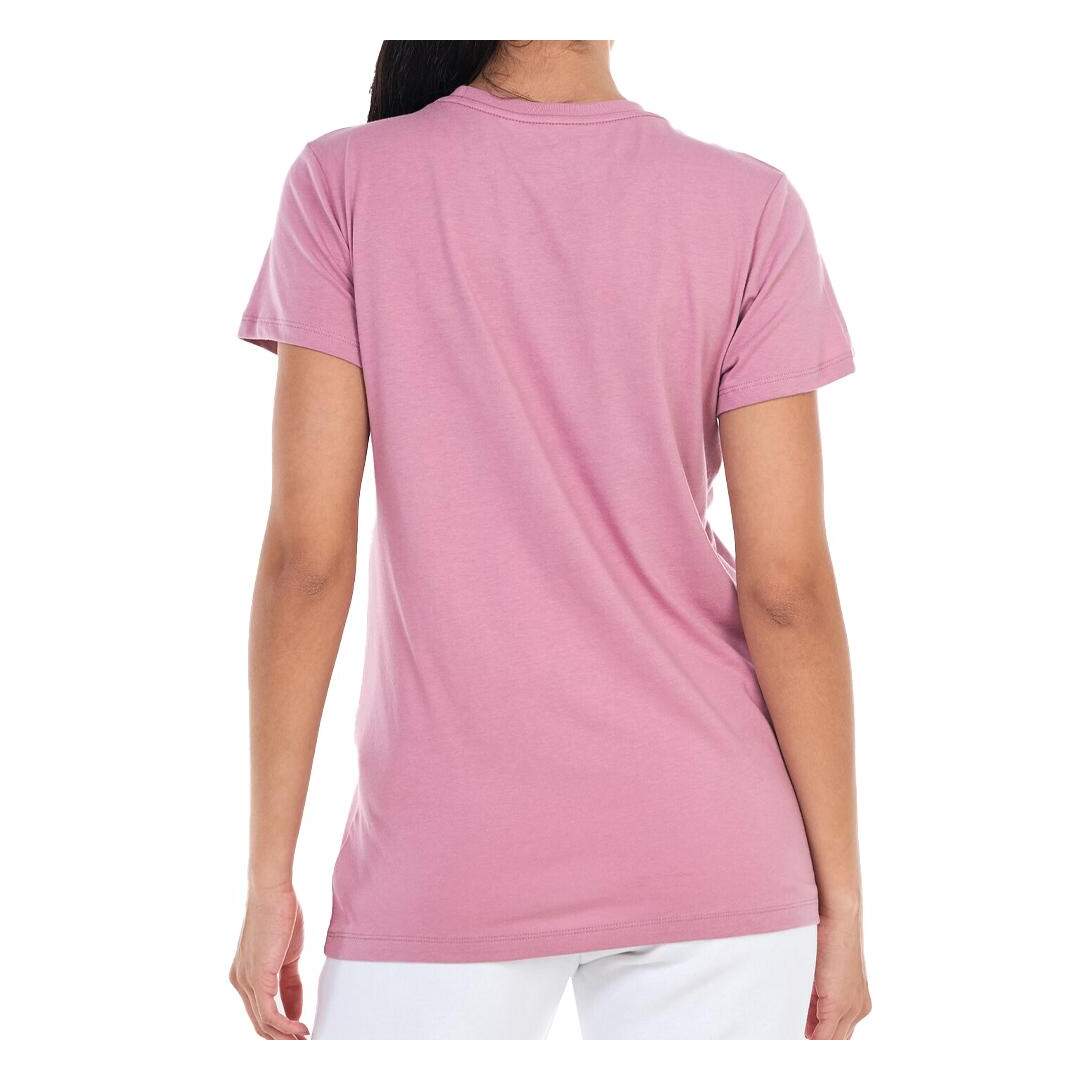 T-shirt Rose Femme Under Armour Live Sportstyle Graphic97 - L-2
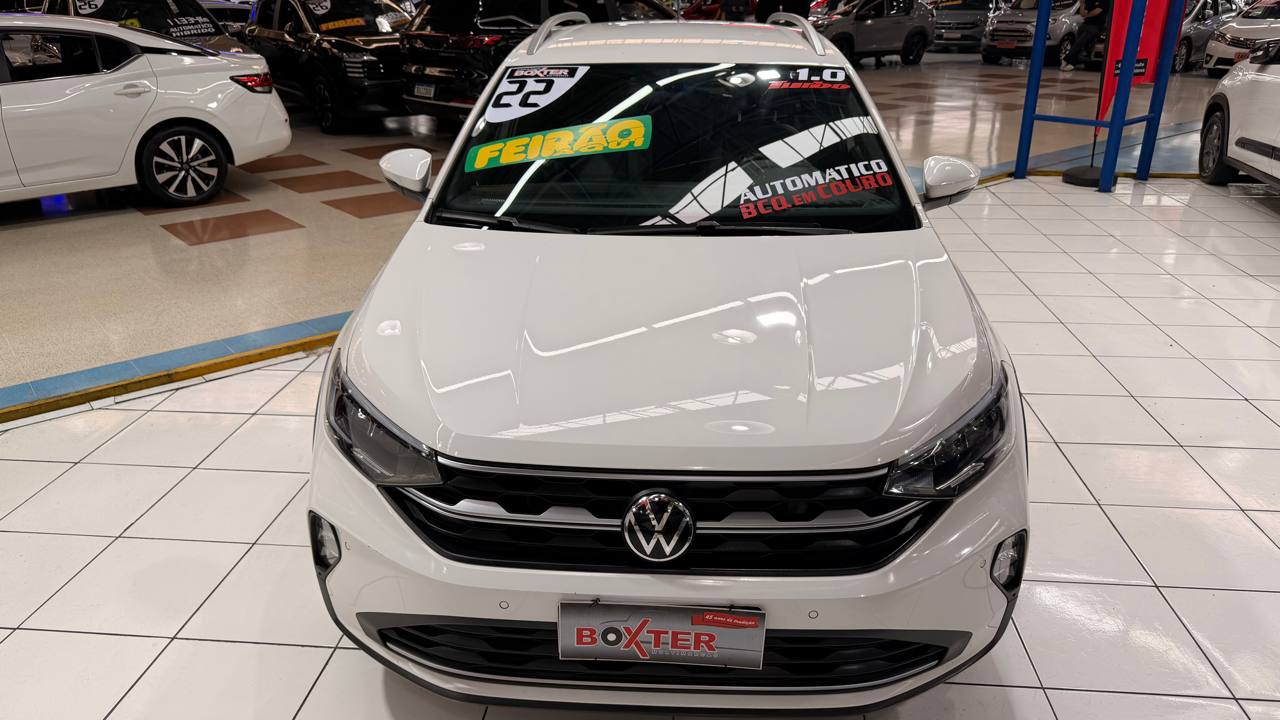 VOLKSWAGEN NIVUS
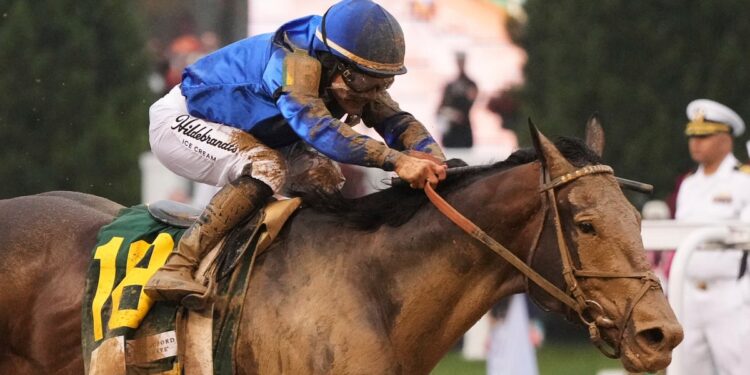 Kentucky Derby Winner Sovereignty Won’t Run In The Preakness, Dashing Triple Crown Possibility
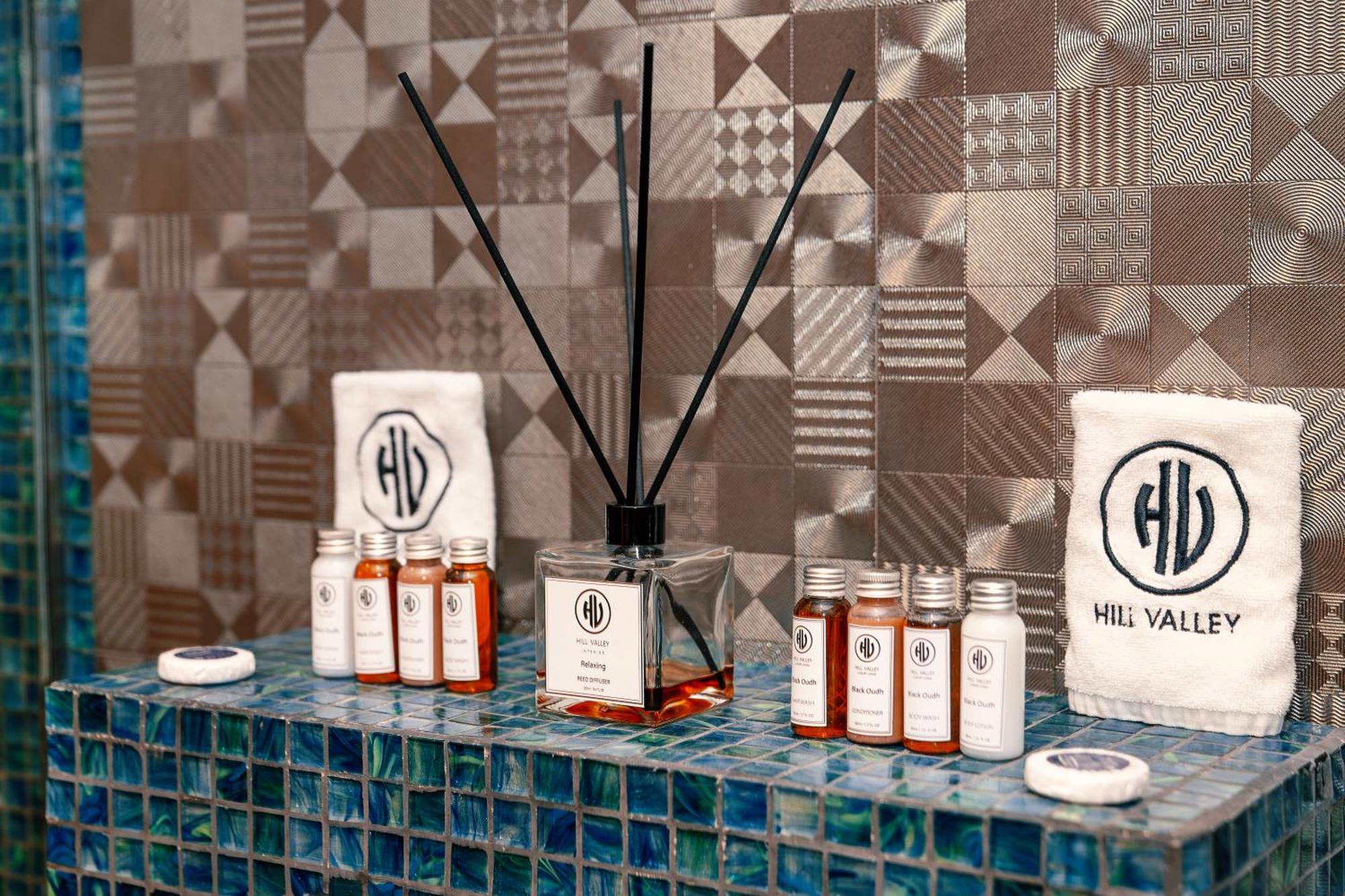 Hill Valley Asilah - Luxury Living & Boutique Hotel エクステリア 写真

__WHAT THE EXERCISE ASKS__: Word for word, output the whole listing, but not its pictures.

__EXERCISE RESPONSE__:
 T-shirt Rose Femme Under Armour Live Sportstyle Graphic97 - L-2
 VOLKSWAGEN NIVUS
 Kentucky Derby Winner Sovereignty Won’t Run In The Preakness, Dashing Triple Crown Possibility
 Hill Valley Asilah - Luxury Living & Boutique Hotel エクステリア 写真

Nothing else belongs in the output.